Bei diesen Erzählungen fiel mir auf, wie wenig wir von diesen Menschen wissen, die auf Grund schrecklicher Erlebnisse zu uns
gekommen sind, und nun schon jahrelang hier im Kloster St Gabriel leben, ohne dass sie zum Beispiel, auch wenn sie wollten, irgendetwas hier arbeiten dürfen.
Sie müssen geduldig darauf warten, dass ihr Asylantrag behandelt wird. Und das dauert oft Jahre.

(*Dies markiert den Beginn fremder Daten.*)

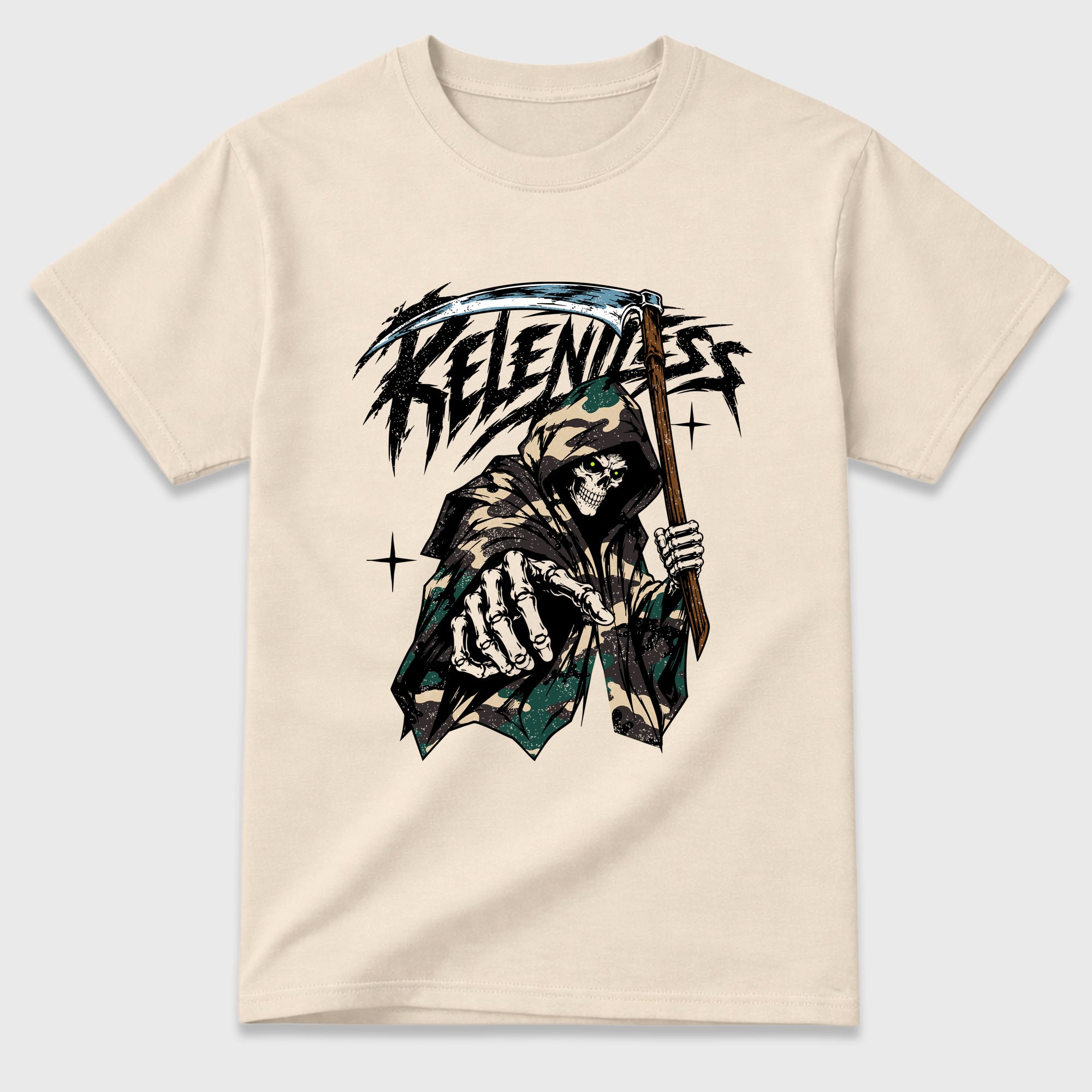 Relentless Graphic T-Shirt featuring original streetwear artwork designed to match the Air Foamposite Pro Green Camo. Natural 2 Graphic T-Shirt.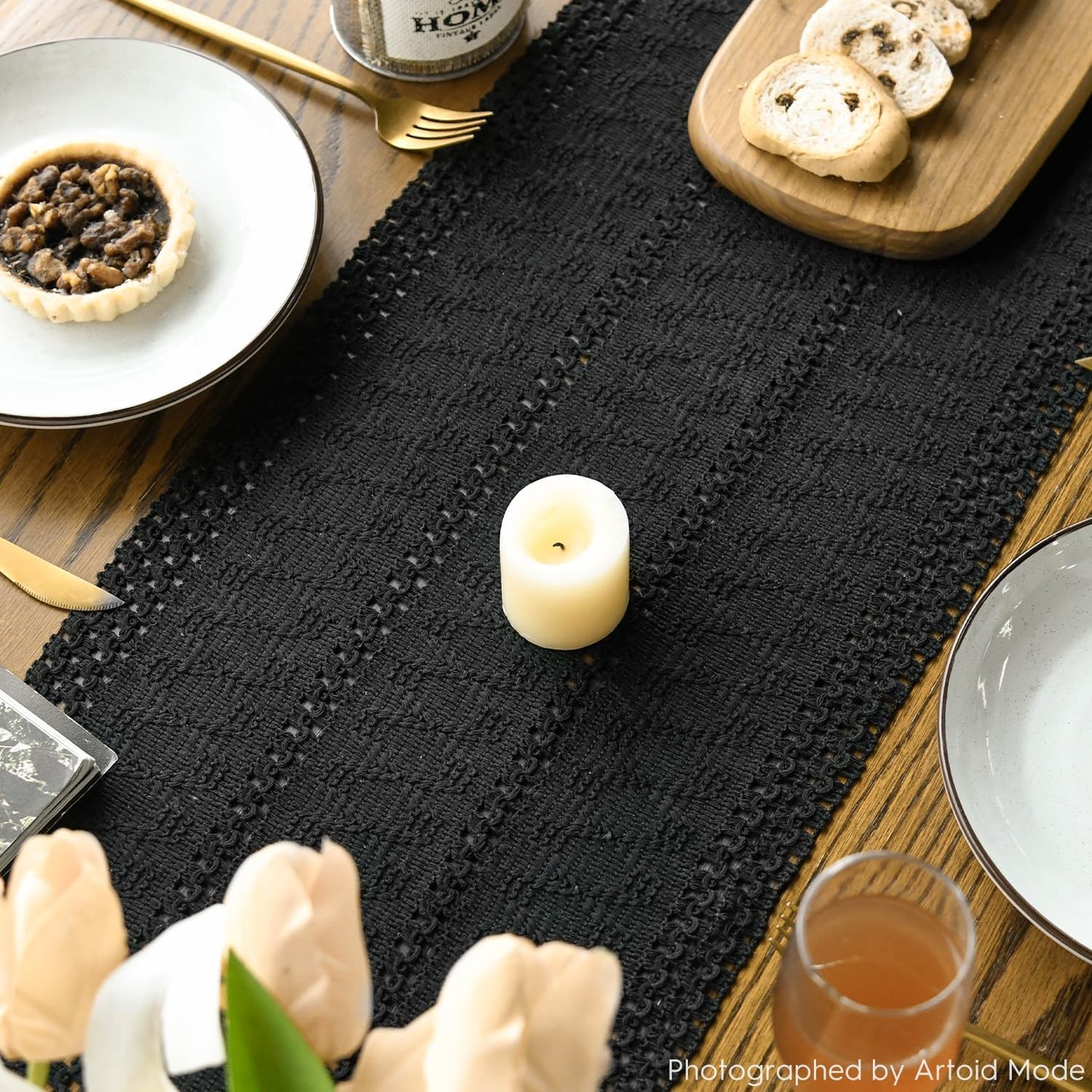 Artoid Mode Black Farmhouse Woven Rustic Hollow Table Runner, Seasonal Holiday Hollow Kitchen Dining Table Decoration for Home Party Decor 12x72 Inch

Da ich gerade an der Vorbereitung unserer SOMMER SPIELE SCHLOSS HUNYADI arbeitete, deren Grundidee es ist, dass jeder von uns
kreativ und innovativ sein soll, überlegte ich, dass es doch vernünftig wäre, wenn wir mit diesen Sommerspielen wenigstens Einige im Kloster St. Gabriel anregen könnten, dass sie uns etwas von
sich erzählen. Uns aufklären, was sie zu Hause erlebt haben und was sie hier erleben. Vielleicht würde es uns dadurch gelingen, wenigstens einige von ihnen für kurze Zeit aus ihrer
Klostereinsamkeit herauszuholen.
Die könnten, überlegte ich, uns doch ganz direkt erzählen, warum sie aus Tschetschenien weggegangen sind, sie könnten uns Szenen
vorspielen, wie sie zum Beispiel ihre Besuche beim Kinderarzt hier bei uns erleben. So könnten sie sich einerseits - wie im alten Jesuitentheater - selber zwingen, sich in einer fremden Umgebung
öffentlich auf eine Bühne zu stellen, und sich außerdem zwingen, sich täglich bei den Proben ihre deutschen Texte immer wieder genau zu wiederholen, um so die Sprache auch spielerisch leichter zu
erlernen.
Und wir? Wir könnten sie dann bei der Vorstellung unsere Anerkennung spüren lassen, und dadurch ihr Selbstvertrauen stärken. So
wie das meine Enkelin Carla aus eigenem Antrieb getan hat.